:: MATERIAL PROVIDED ::
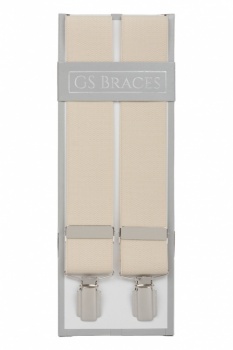 Plain Ecru Trouser Braces Suspenders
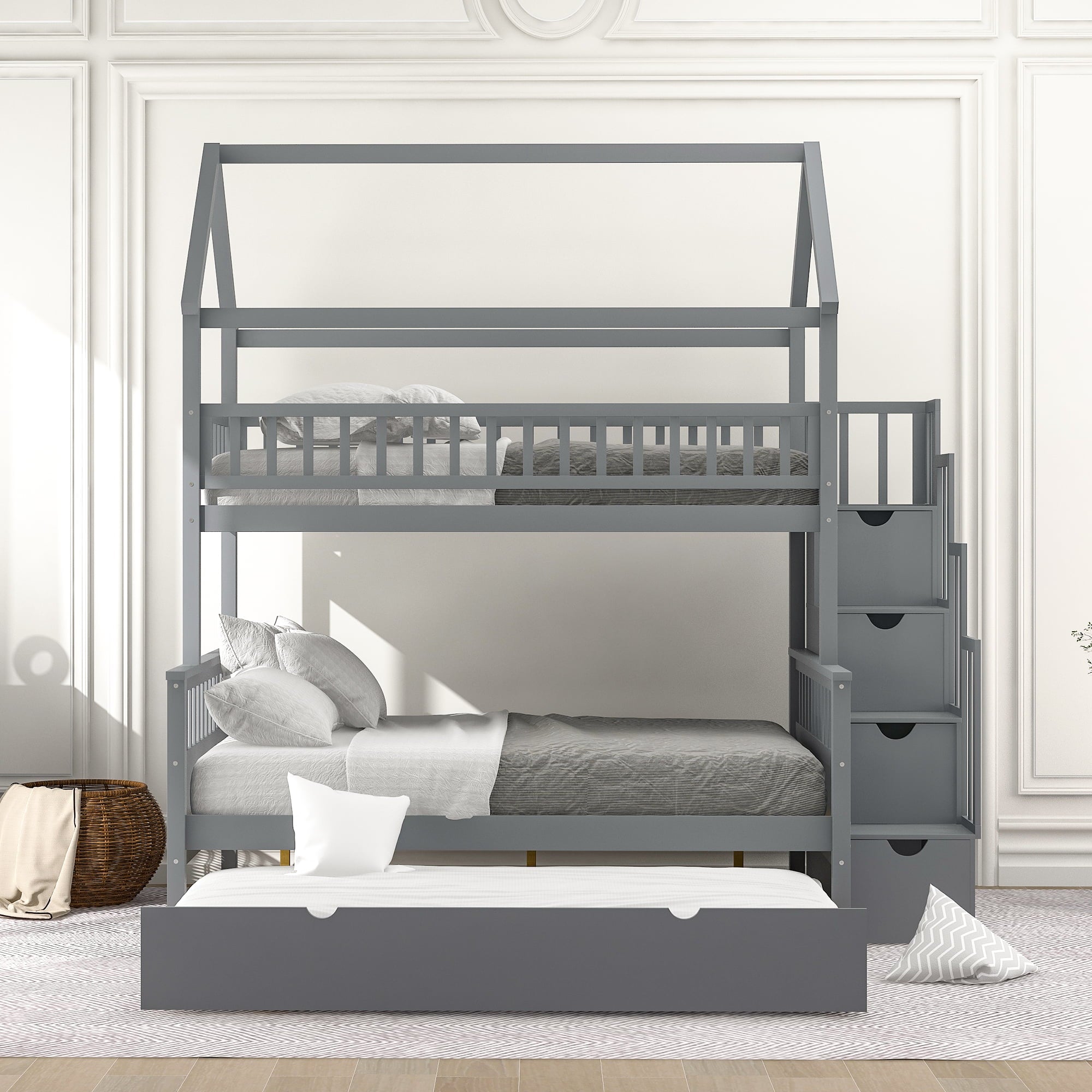 EUROCO Twin over Full House Bunk Bed with Trundle for Kids, Gray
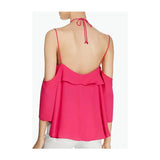 Olivaceous Womens Pink Drapey Cold Shoulder Halter Top - Size S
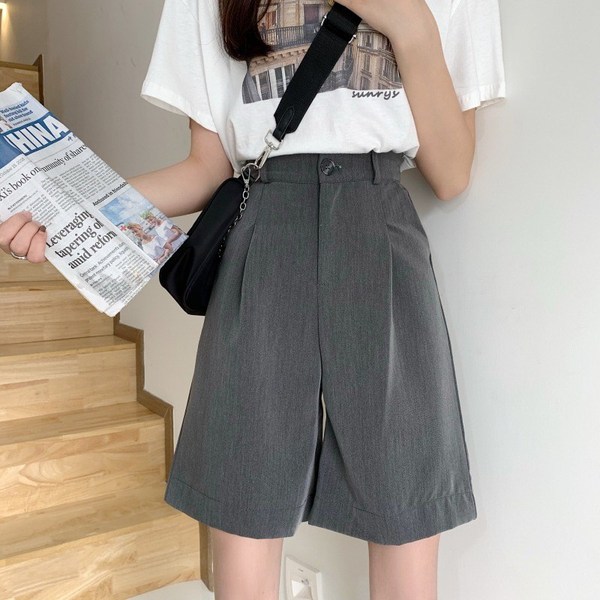 2022 summer new loose straight tube vertical feeling suit middle pants ins trendy quarter pants casual shorts women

:: YOUR TASK ::
What is needed is the listing above, repeated verbatim, without its images.

:: TASK RESULT ::
 Plain Ecru Trouser Braces Suspenders
 EUROCO Twin over Full House Bunk Bed with Trundle for Kids, Gray
 Olivaceous Womens Pink Drapey Cold Shoulder Halter Top - Size S
 2022 summer new loose straight tube vertical feeling suit middle pants ins trendy quarter pants casual shorts women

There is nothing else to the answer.